(AIM OF THE EXERCISE) Please restate the listing word for word, omitting the images.

*** Opening of DATA SEGMENT ***

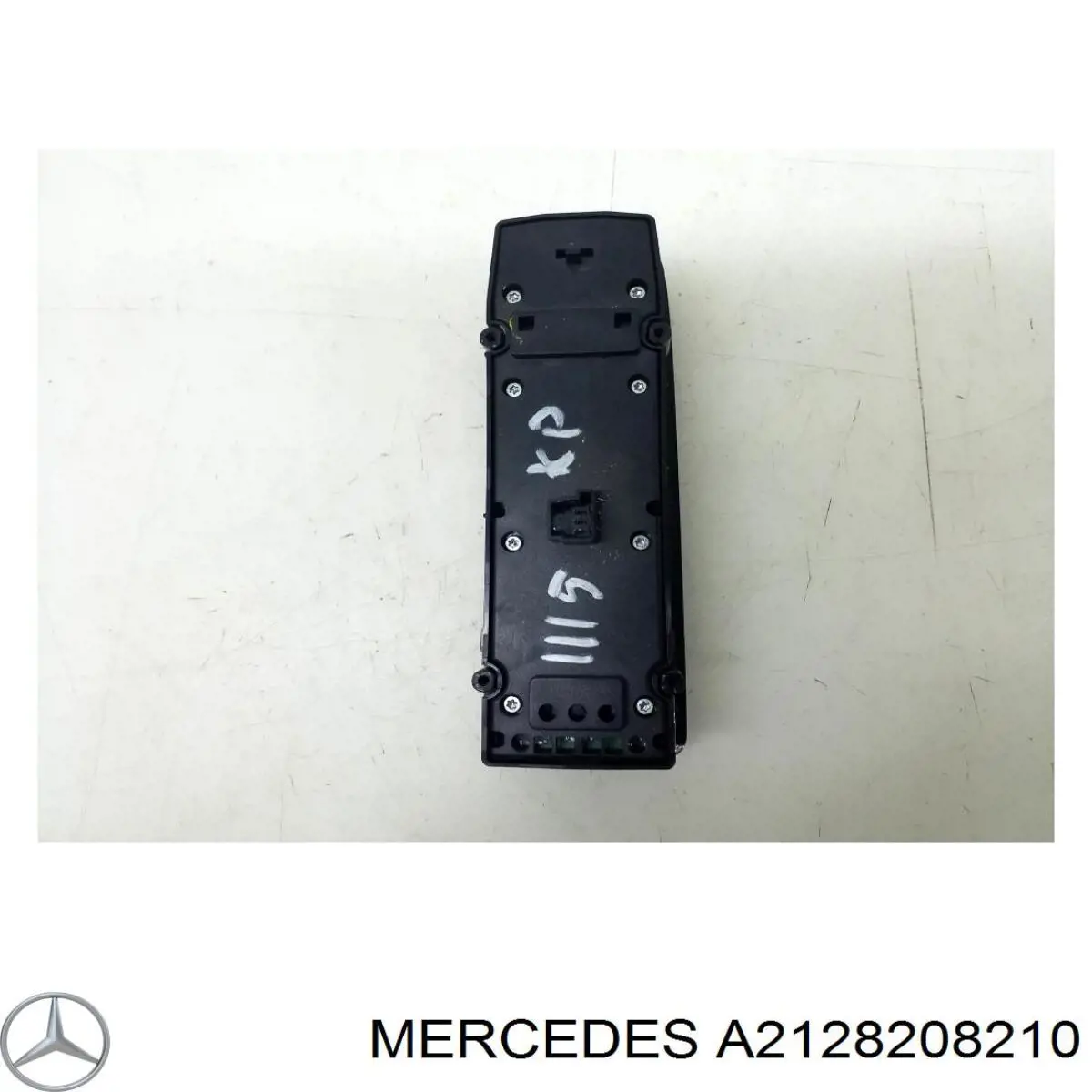 Unidad de control de elevalunas delantera izquierda Mercedes 2048700151 precio, desde 59,33 EUR
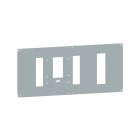 Legrand - Platine 1 DPX3630 horiz extractible diff avec/sans cde L800 XL3HP 6300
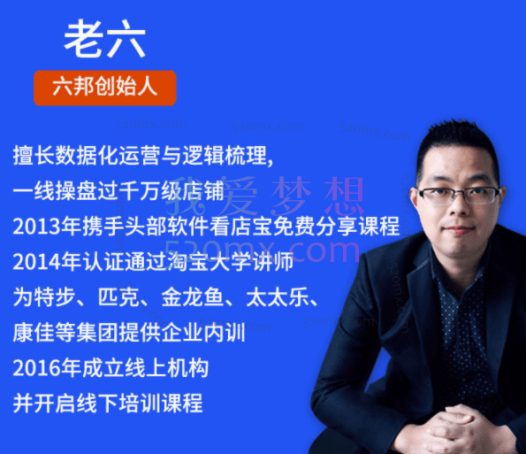 六邦电商淘宝课程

*** Close of DATA SEGMENT ***

(WRITTEN RESPONSE)
 Unidad de control de elevalunas delantera izquierda Mercedes 2048700151 precio, desde 59,33 EUR
 Legrand - Platine 1 DPX3630 horiz extractible diff avec/sans cde L800 XL3HP 6300
 六邦电商淘宝课程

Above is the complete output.